Y sin oír más se lanza a la calle. Sobre las rayas del sudor, por la prisa, le parece que corre ventolina fresca. Aspira hondo. Todos los balcones de la ciudad están iluminados. Todas las ventanas están abiertas. Nunca hubo tanta luz en Valencia, ni en los Viveros cuando hay verbena, ni en la Alameda por la feria.

Y los terrados –piensa Gabriel–, no se dan cuenta de que con tanta luz favorecen a los «pacos»5 apostados en las azoteas. Marcha rápido.

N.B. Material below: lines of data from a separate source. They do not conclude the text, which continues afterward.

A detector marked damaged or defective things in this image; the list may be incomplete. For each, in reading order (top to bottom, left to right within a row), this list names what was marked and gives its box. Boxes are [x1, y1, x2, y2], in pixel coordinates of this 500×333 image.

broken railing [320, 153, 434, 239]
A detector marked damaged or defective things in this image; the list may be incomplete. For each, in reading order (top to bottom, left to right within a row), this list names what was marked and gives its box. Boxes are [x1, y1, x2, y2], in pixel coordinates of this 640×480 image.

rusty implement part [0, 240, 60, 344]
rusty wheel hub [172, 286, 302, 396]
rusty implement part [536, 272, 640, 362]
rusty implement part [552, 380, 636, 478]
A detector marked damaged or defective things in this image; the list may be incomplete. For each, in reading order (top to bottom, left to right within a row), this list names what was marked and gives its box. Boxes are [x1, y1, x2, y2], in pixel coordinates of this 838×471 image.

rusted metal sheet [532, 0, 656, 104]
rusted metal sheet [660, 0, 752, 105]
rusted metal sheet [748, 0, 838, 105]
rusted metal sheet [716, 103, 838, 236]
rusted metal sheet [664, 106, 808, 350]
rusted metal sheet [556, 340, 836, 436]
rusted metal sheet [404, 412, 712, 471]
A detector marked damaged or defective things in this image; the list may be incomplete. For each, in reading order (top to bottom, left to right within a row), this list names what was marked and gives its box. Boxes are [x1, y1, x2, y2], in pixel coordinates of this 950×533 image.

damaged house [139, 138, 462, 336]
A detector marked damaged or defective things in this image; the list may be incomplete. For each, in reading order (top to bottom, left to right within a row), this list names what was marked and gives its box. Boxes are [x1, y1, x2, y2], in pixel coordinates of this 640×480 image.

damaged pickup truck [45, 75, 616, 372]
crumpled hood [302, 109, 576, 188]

¿Cuánto hay hasta casa del médico? ¿Trescientos, cuatrocientos, quinientos metros? ¡Me olvidé la pistola! Gabriel se palpa el bolsillo trasero del pantalón. ¡Menos mal!: Lleva el carnet del Sindicato. Ahora al pasar por los Dominicos6 pediré el santo y seña. Bueno ya no se llama santo y seña, sino la consigna.7 Gabriel se para y se seca el sudor. Quiere correr, llegar lo antes posible, y, por otra parte, no quisiera llegar nunca. Gabriel quiere a Ángela, pero le repugna el peso blandengue del feto. De pronto tiene miedo de que muera por su culpa. Piensa en el golpe, brusco. Pero no, ¿qué más podía haber hecho? Si no se llega a arrodillar a tiempo, el niño hubiese caído al suelo. Niño, no: niña. Se alegra. Gabriel pasa frente a los Dominicos sin darse cuenta, sin acordarse de que se proponía entrar para que le soplaran la palabra mágica. Pasa ante la fábrica de luz, el colegio, atraviesa la calle de Colón, solitaria. Entra en la calle del doctor Romagosa. Sube jadeante la escalera del médico. La criada le ataja el paso.

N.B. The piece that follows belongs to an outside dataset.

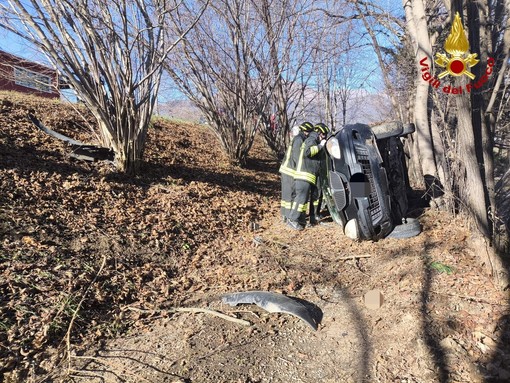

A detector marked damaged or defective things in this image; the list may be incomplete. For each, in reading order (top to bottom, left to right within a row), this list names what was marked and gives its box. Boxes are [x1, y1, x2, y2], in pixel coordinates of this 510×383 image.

overturned car [322, 121, 418, 240]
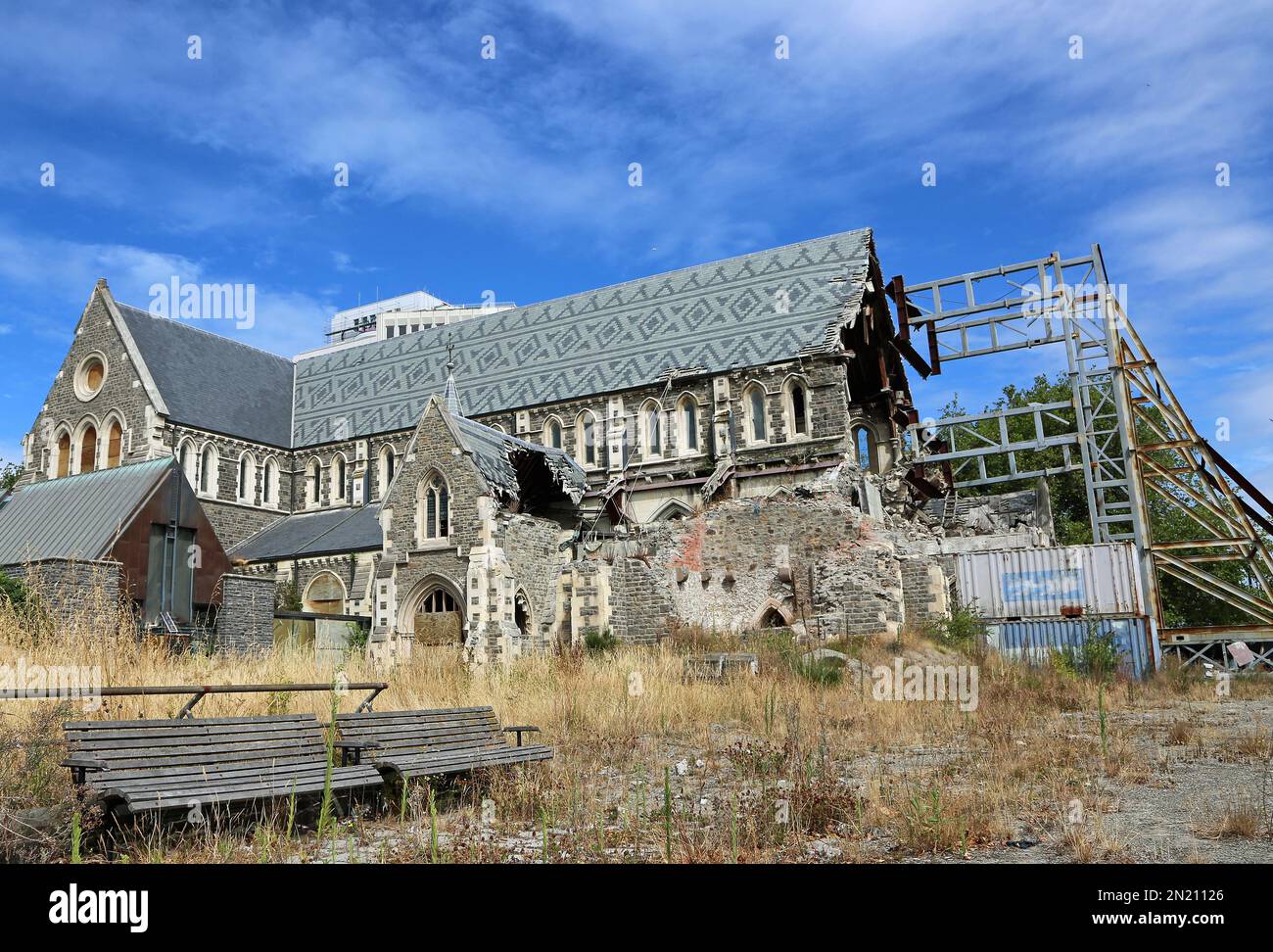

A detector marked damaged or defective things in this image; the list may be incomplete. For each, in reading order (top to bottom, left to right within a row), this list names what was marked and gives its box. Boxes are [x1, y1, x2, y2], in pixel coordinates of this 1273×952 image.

damaged stone cathedral [5, 228, 1049, 661]
rusty steel truss [896, 245, 1273, 666]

–El doctor no está. Creo que fue a su casa. Llamó por teléfono.

Gabriel se tranquiliza. De pronto, como si le ligaran todos los miembros, se siente impotente para el menor esfuerzo. No podría alzar una mano. La criada:

–Siéntese.

Gabriel se deja caer. Sopla. Se lleva la mano a la frente. Piensa: –¿No te da vergüenza? ¿Es esto de lo que eres capaz?

Se levanta, sale. Todavía las escurriduras del sudor.

–¡Qué paquete! Porque era un verdadero paquete. Así se viene al mundo. ¡En qué tiempos naces, hija! Está bonita la ciudad así, iluminada; si los rebeldes tuvieran aviones, ¡qué blanco! Que eso de los pacos, cuentos… Lo que sucede es que es divertido tirar tiros.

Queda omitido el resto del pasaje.